Computing and Connectivity in a Single Chip
Gaudi brings another surprising industry first to AI training: The the AI processor included on-chip integration of RDMA over Converged Ethernet (RoCE v2) functionality, to enable the scaling of AI systems to any size, using standard Ethernet. It means that unlike GPU-based systems rely on proprietary system interfaces, Habana’s systems rely on standard interface. Ethernet switches are multi-sourced, offering virtually unlimited scalability in speeds and port-count, and are already used in data centers to scale compute and storage systems.
“Gaudi offers strong performance and industry-leading power efficiency among AI training accelerators,” commented Linley Gwennap, principal analyst of The Linley Group. “As the first AI processor to integrate 100G Ethernet links with RoCE support, it enables large clusters of accelerators built using industry-standard components.” The Gaudi processor includes 32GB of HBM-2 memory and is currently offered in two forms: HL-200 – a PCIe card supporting eight ports of 100Gb Ethernet; HL-205 – a mezzanine card compliant with the OCP-OAM specification, supporting 10 ports of 100Gb Ethernet or 20 ports of 50Gb Ethernet.

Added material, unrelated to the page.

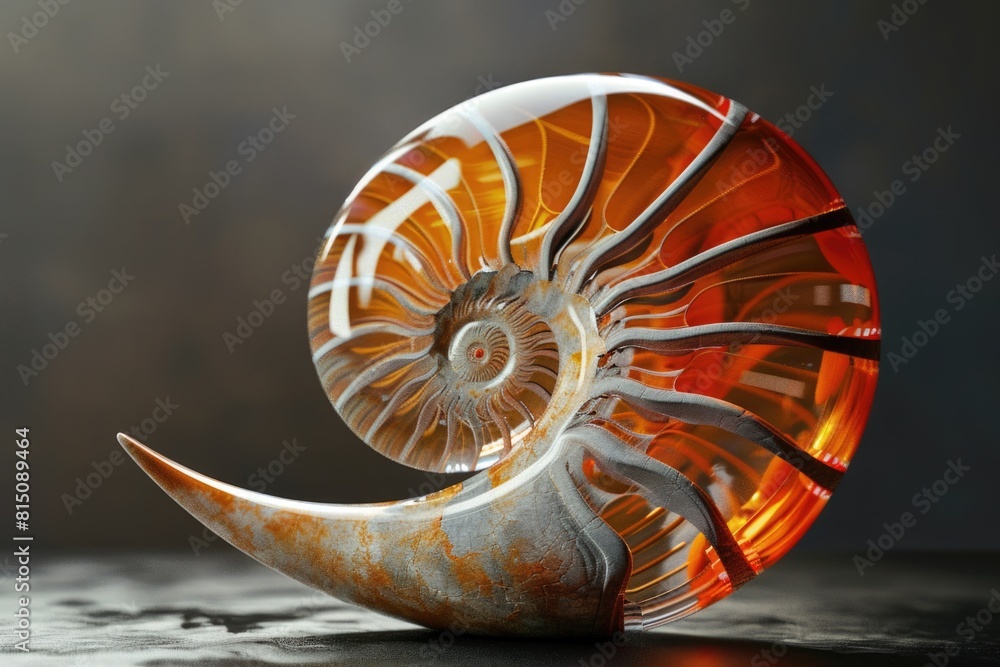 Poster A close up of a shell on a table. Suitable for various nature and beach themed designs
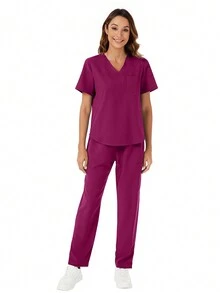 Scrub Uniforms Nurse Set With V-Neck Top & Straight Leg Pants - Red Violet - View 5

Habana is also introducing an 8-Gaudi system called HLS-1, which includes eight HL-205 Mezzanine cards, with PCIe connectors for external Host connectivity and 24 100Gbps Ethernet ports for connecting to off-the-shelf Ethernet switches, thus allowing scaling-up in a standard 19’’ rack by populating multiple HLS-1 systems. Gaudi is the second purpose-built AI processor to be launched by Habana Labs. Last year it announced the Habana Goya AI Inference Processor. Goya has been shipping since Q4, 2018, and has demonstrated industry-leading inference performance, with the industry’s highest throughput, highest power efficiency (images-per-second per Watt), and real-time latency.
Facebook is using Habana’s Inference Processor
“Training AI models require exponentially higher compute every year, so it’s essential to address the urgent needs of the datacenter and cloud for radically improved productivity and scalability. Gaudi’s innovative architecture delivers the highest performance while integrating standards-based Ethernet connectivity for unlimited scale,” said David Dahan, CEO and Co-founder of Habana Labs. “Gaudi will disrupt the status quo of the AI Training processor landscape.”
“Facebook is seeking to provide open platforms for innovation around which our industry can converge,” said Vijay Rao, Director of Technology, Strategy at Facebook. “We are pleased that the Habana Goya AI inference processor has implemented and open-sourced the back-end for the Glow machine learning compiler and that the Habana Gaudi AI training processor is supporting the OCP Accelerator Module (OAM) specification.”
Habana will be sampling the Gaudi to selected customers in the second half of 2019. Habana Labs was founded in 2016 in Tel Aviv by silicon experts. In November 2018, it has secured $75 million in series B funding led by Intel Capital. The round brought the total investments in the company to $120 million.